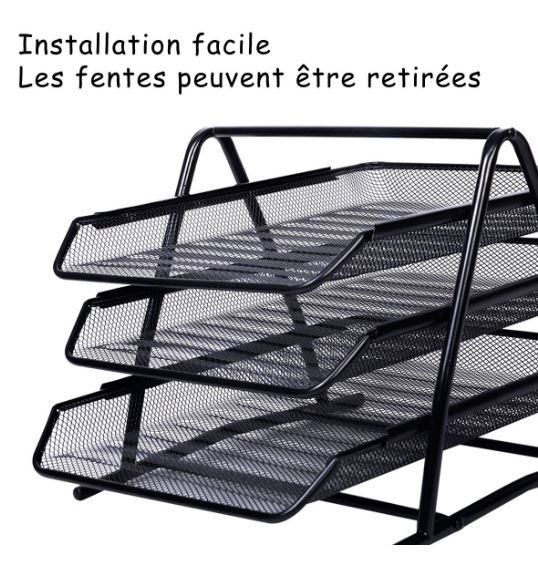 Metal Mail Bin 3 Tiers Storage Document Paper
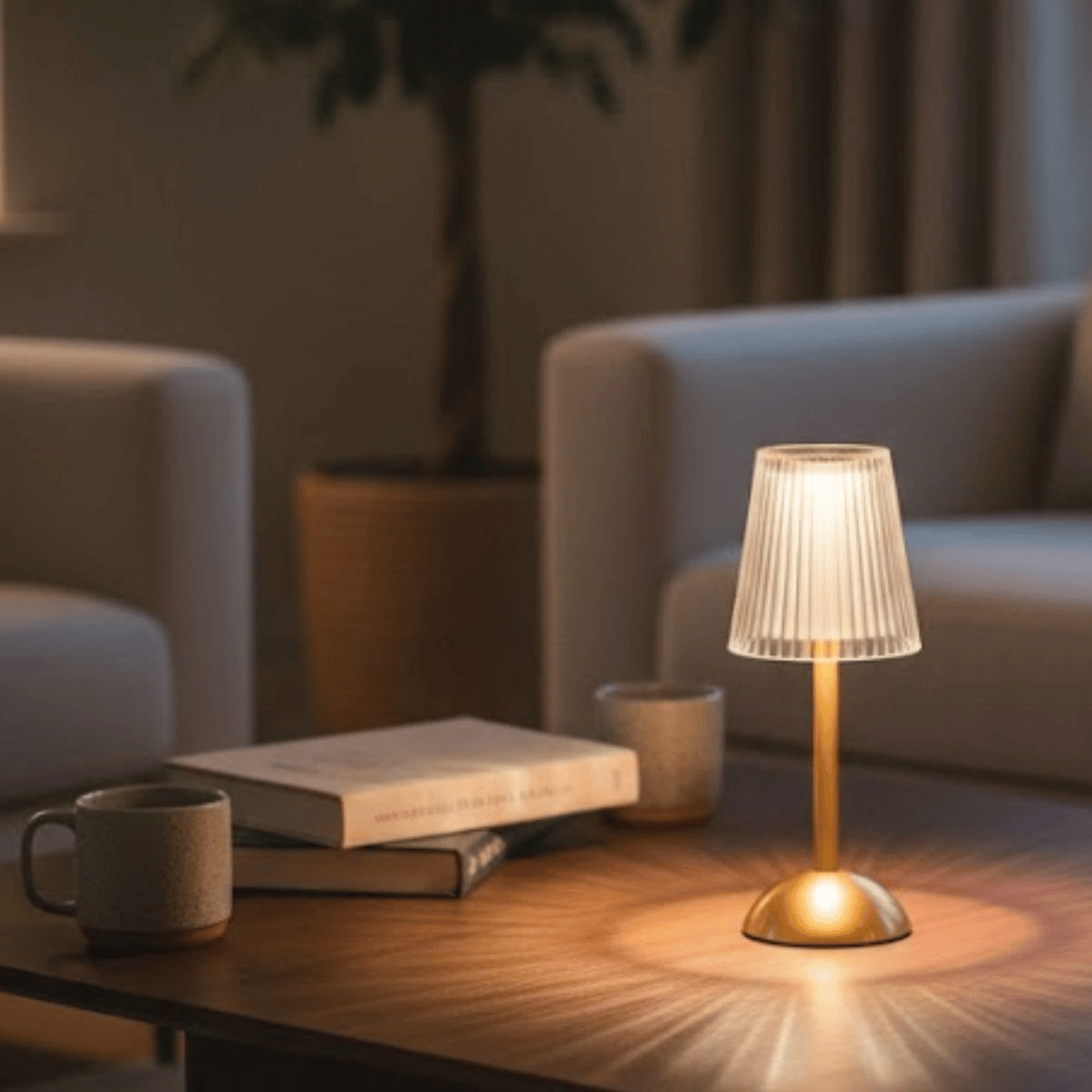 Uzun Klasik Çizgili Model Led Masa Lambası – Dokunmatik, 3 Renk Işık Modlu, Şarjlı Dekoratif Gece Lambası Bx40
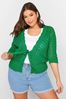 Yours Curve Green Pointelle Tie Shrug Cardigan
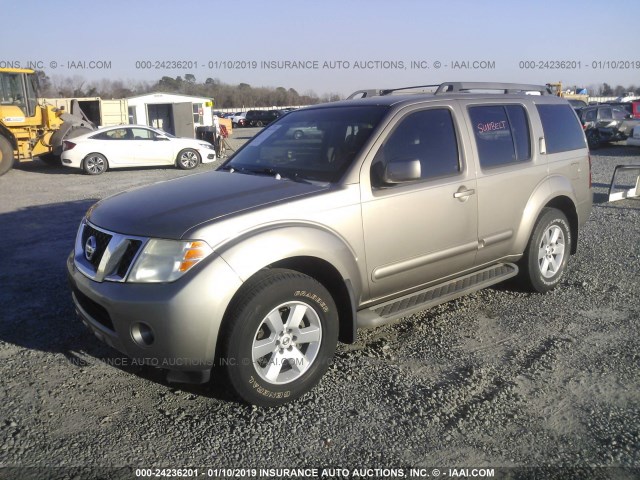 5N1AR18U68C604424 - 2008 NISSAN PATHFINDER S/LE/SE TAN photo 2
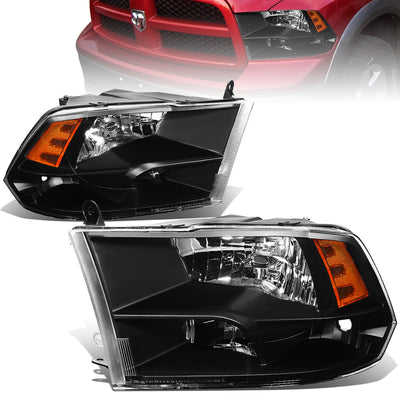 D-Motoring - Headlights - Black Housing - Amber Corner - Plug-n-Play - Pair - RAM 1500 / 2500 / 3500 / 4500 / 5500 - 1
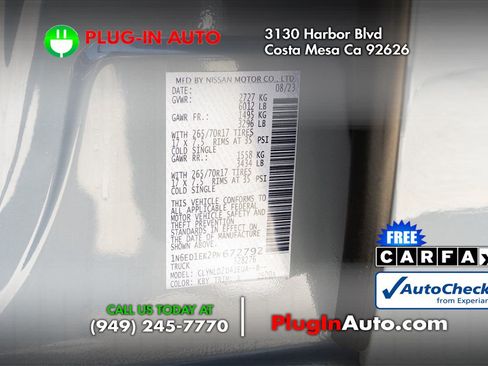 Used 2023 Nissan Frontier PRO-4X w/ Tow Package AWD/4WD image 7
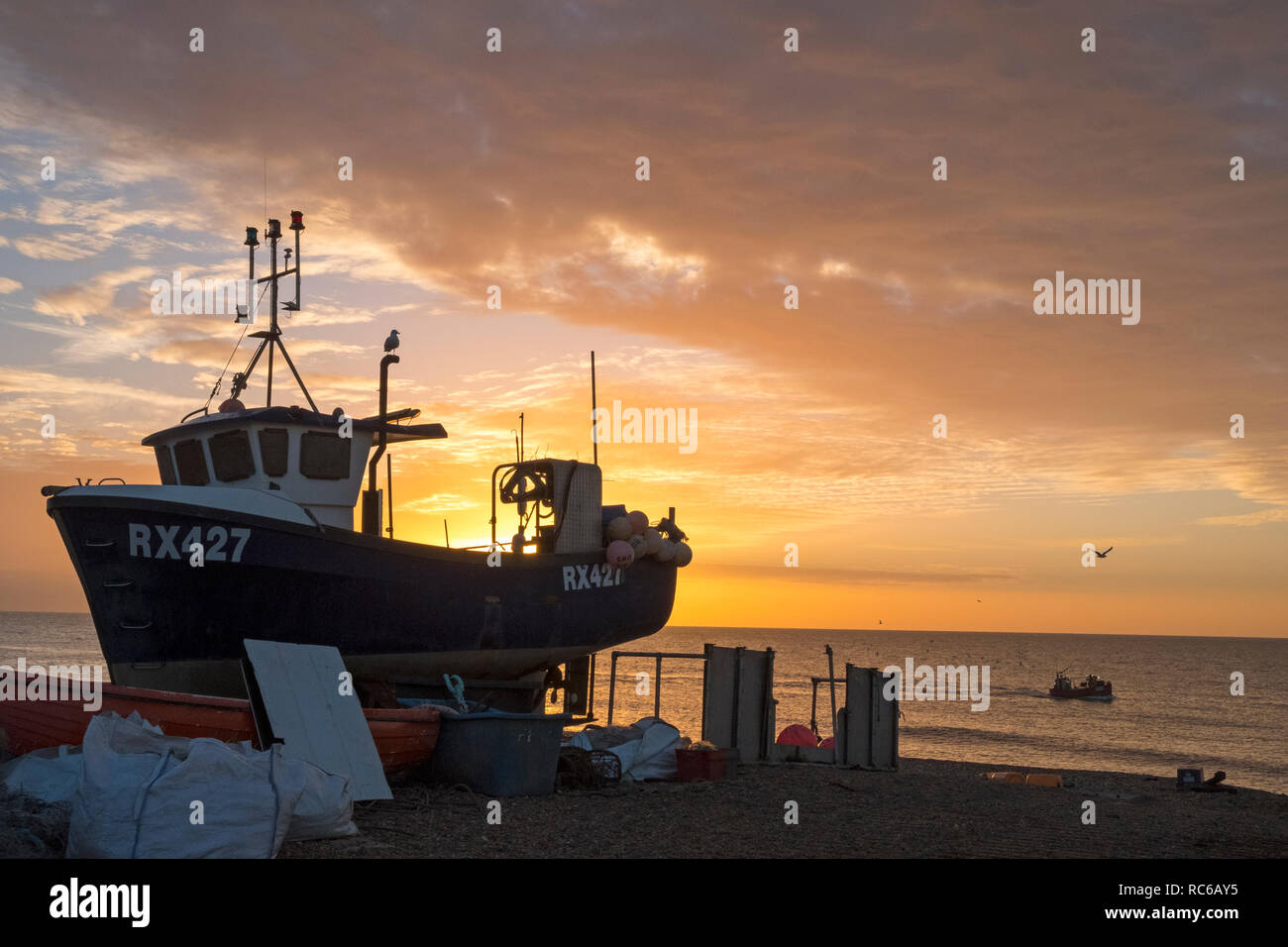 Hastings, Sussex orientale. 14th Jan, 2019. UK Weather: I pescatori portano la cattura notturna di pesce. Hastings ha la più grande flotta da pesca lanciata dalla spiaggia in Europa. Foto Stock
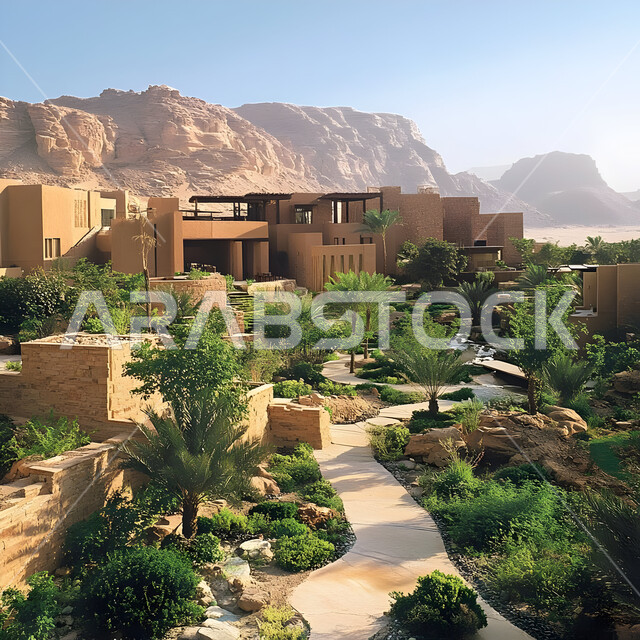 البيوت الحجرية الطينية القديمة في أحدى القرى, الفن الهندسي المعماري على الطراز القديم، التضاريس و المرتفعات في المناطق الجبلية الوعرة, طبيعة الجبال الصخرية في المملكة العربية السعودية, الاهتمام بزراعة أشجار النخيل وسط مناطق البادية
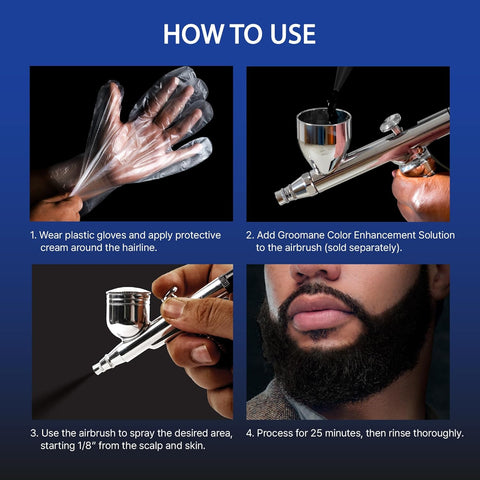 Image of Red PRO GROOMANE Semi-Permanent Beard & Lineup Premixed Airbrush Enhancement (70ml/2.3oz) Position 5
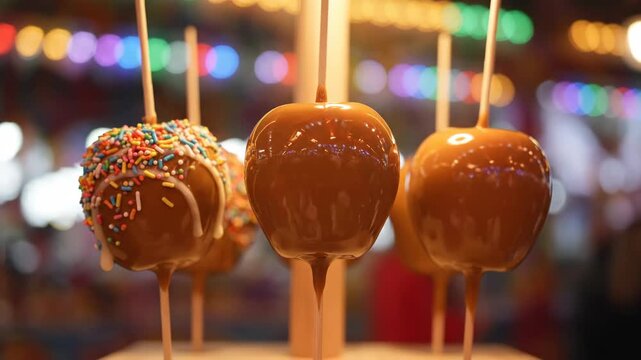 Caramel Apples at a Fair - This close-up shot features caramel apples on sticks, with one covered in colorful sprinkles.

□ □ □ □ □

TASK TO COMPLETE
In the answer, retype exactly and only the lines from the one holding "Hastings, Sussex orientale." through the end of the listing, keeping both ends and dropping every picture.

SOLUTION TO THE PROBLEM
 Hastings, Sussex orientale. 14th Jan, 2019. UK Weather: I pescatori portano la cattura notturna di pesce. Hastings ha la più grande flotta da pesca lanciata dalla spiaggia in Europa. Foto Stock
 البيوت الحجرية الطينية القديمة في أحدى القرى, الفن الهندسي المعماري على الطراز القديم، التضاريس و المرتفعات في المناطق الجبلية الوعرة, طبيعة الجبال الصخرية في المملكة العربية السعودية, الاهتمام بزراعة أشجار النخيل وسط مناطق البادية
 Image of Red PRO GROOMANE Semi-Permanent Beard & Lineup Premixed Airbrush Enhancement (70ml/2.3oz) Position 5
 Caramel Apples at a Fair - This close-up shot features caramel apples on sticks, with one covered in colorful sprinkles.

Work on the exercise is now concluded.